• Aim of the task: Find the line that contains "Відео до серіалу". Copy it and every line after it to the end of the material below, exactly, with no pictures.

---*---

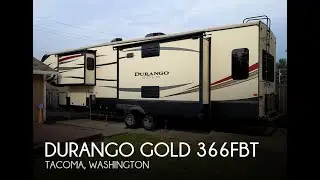 [SOLD] Used 2016 Durango Gold 366FBT in Tacoma, Washington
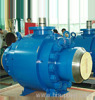 Trunnion Mounted ball valve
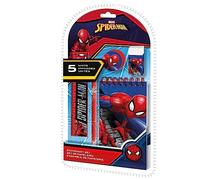 Spider-Man Schreibwarenset (5-teilig), Spiderman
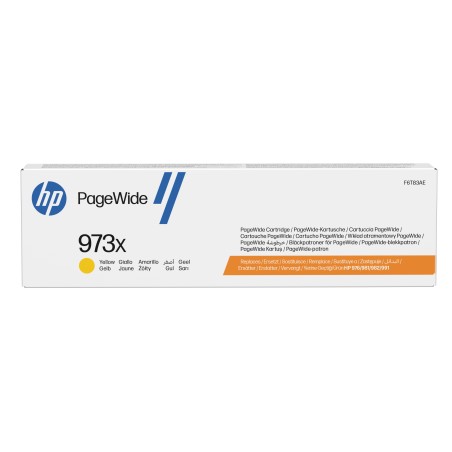 HP Ink 973XL Yellow F6T83AE - Høj Kvalitet og Langvarig Ydelse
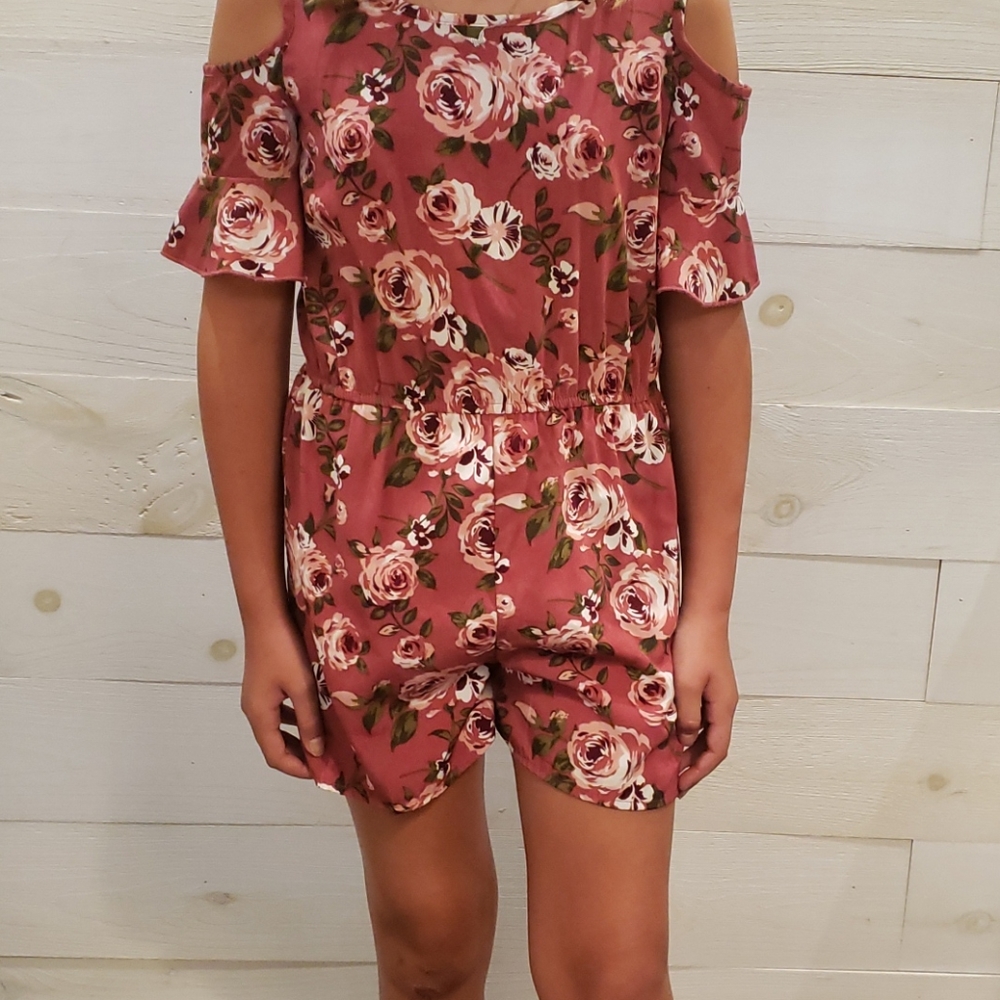 Floral romper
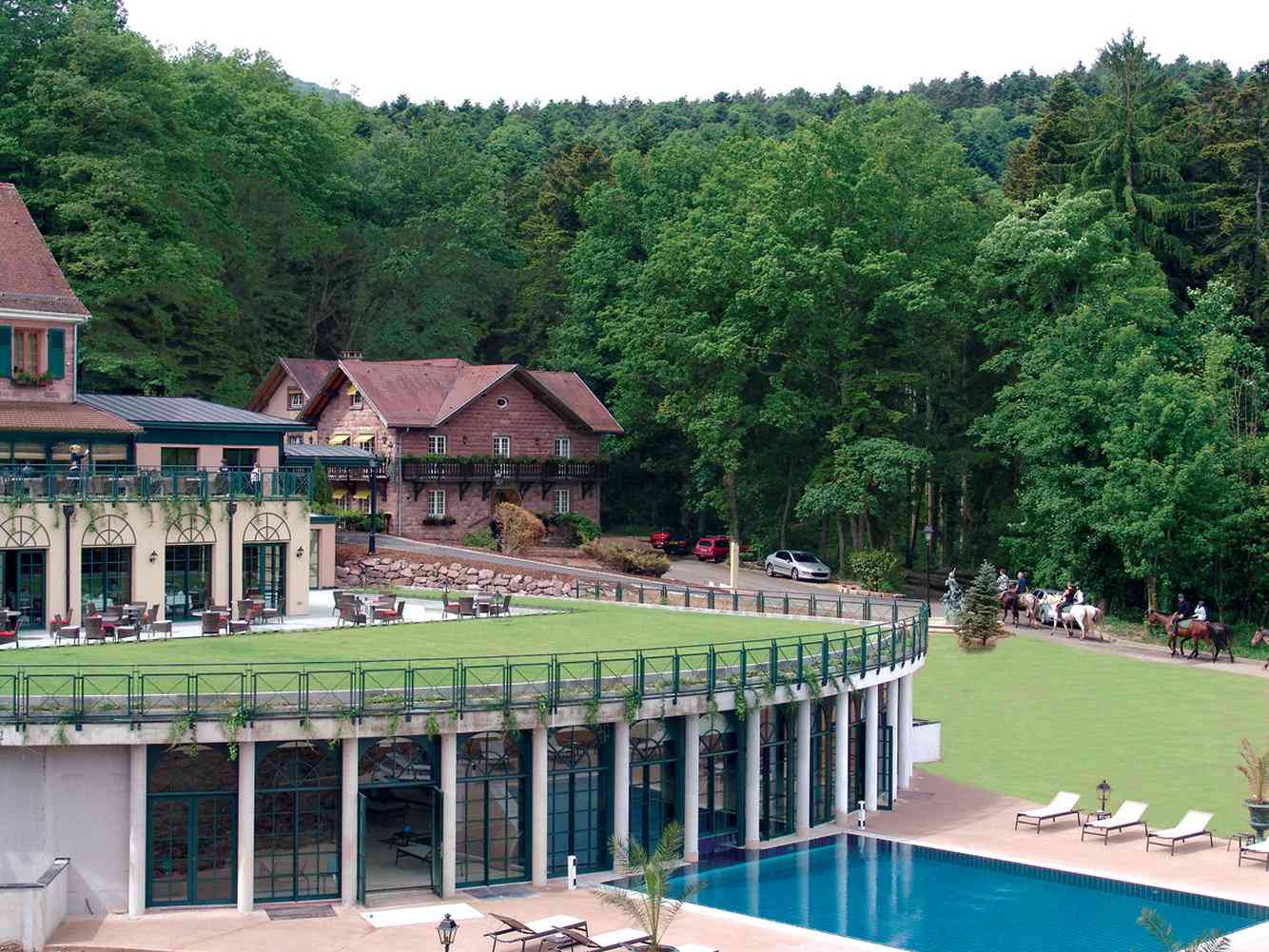 Les Violettes  Hotel Spa in Colmar, FR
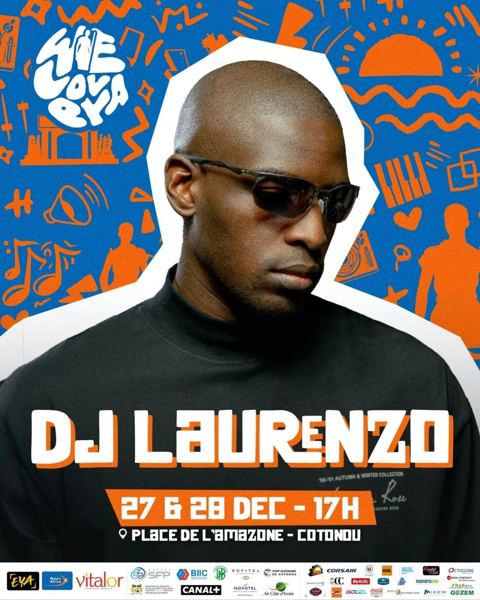 WeLovEya — Official poster — DJ Laurenzo (© WeLovEya Festival)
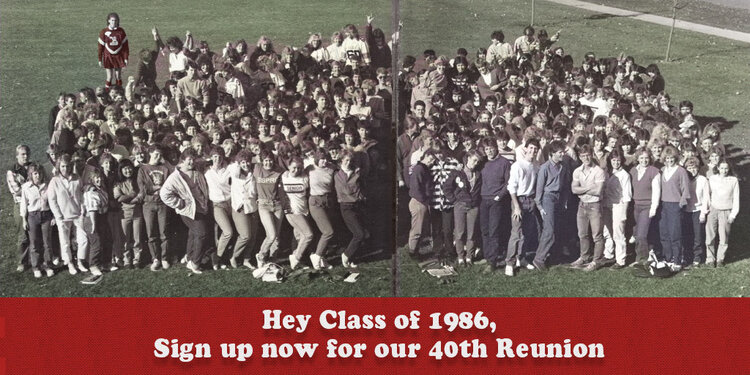 JHS Class of 1986 - 40th Reunion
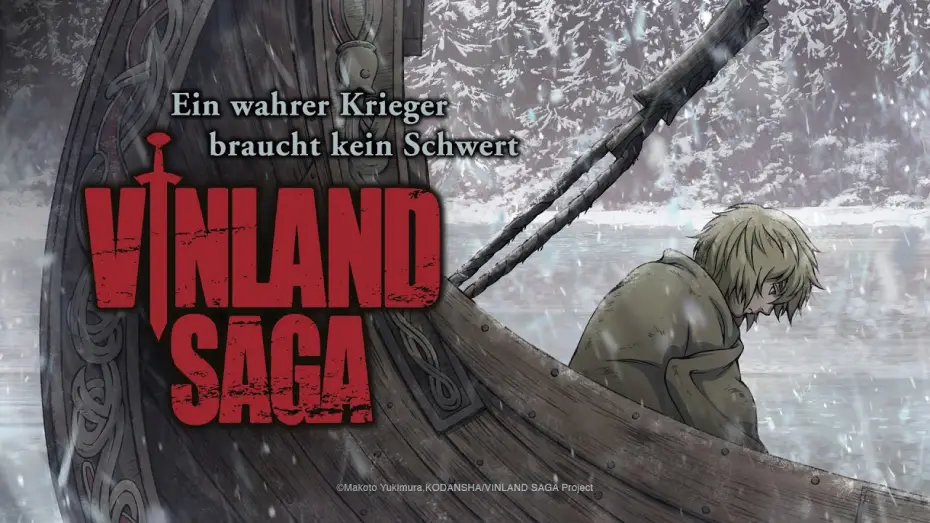 Відео до серіалу Сага про Вінланд — Anime Trailer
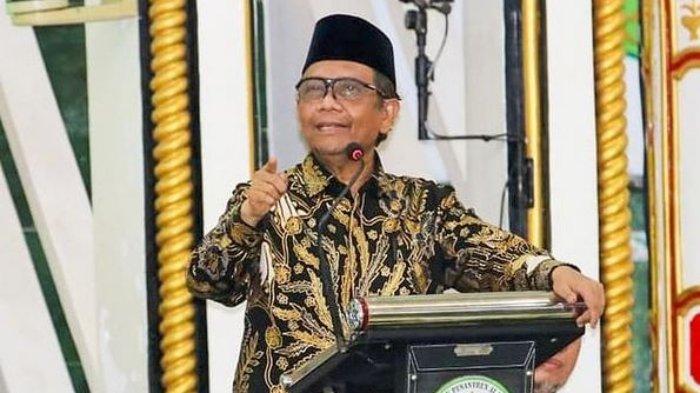 Menkopolhukam Mahfud MD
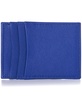 Men's Money Clip Thin Front Pocket Wallet Genuine Leather Card Case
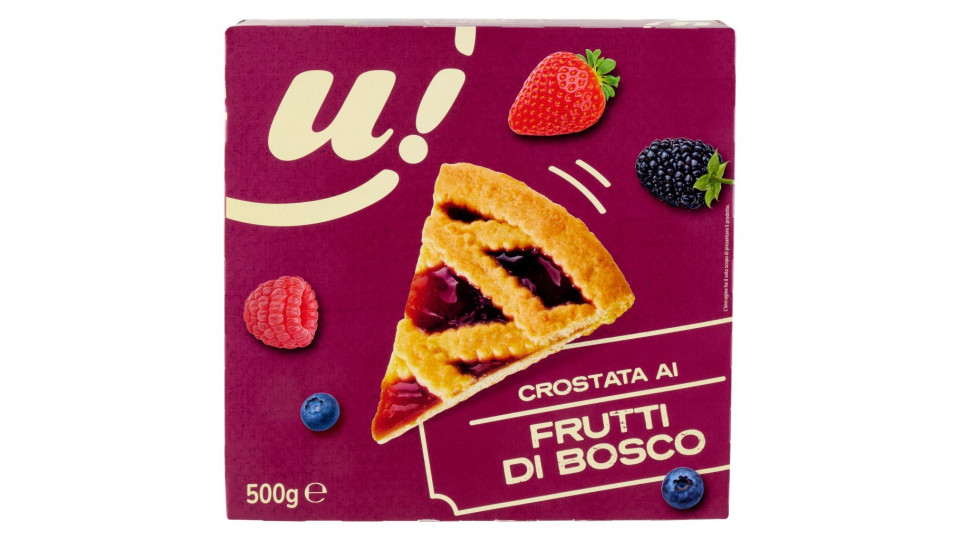 Crostata ai frutti di bosco U! Confronta & Risparmia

---*---

• Problem solution:
 Відео до серіалу Сага про Вінланд — Anime Trailer
 Menkopolhukam Mahfud MD
 Men's Money Clip Thin Front Pocket Wallet Genuine Leather Card Case
 Crostata ai frutti di bosco U! Confronta & Risparmia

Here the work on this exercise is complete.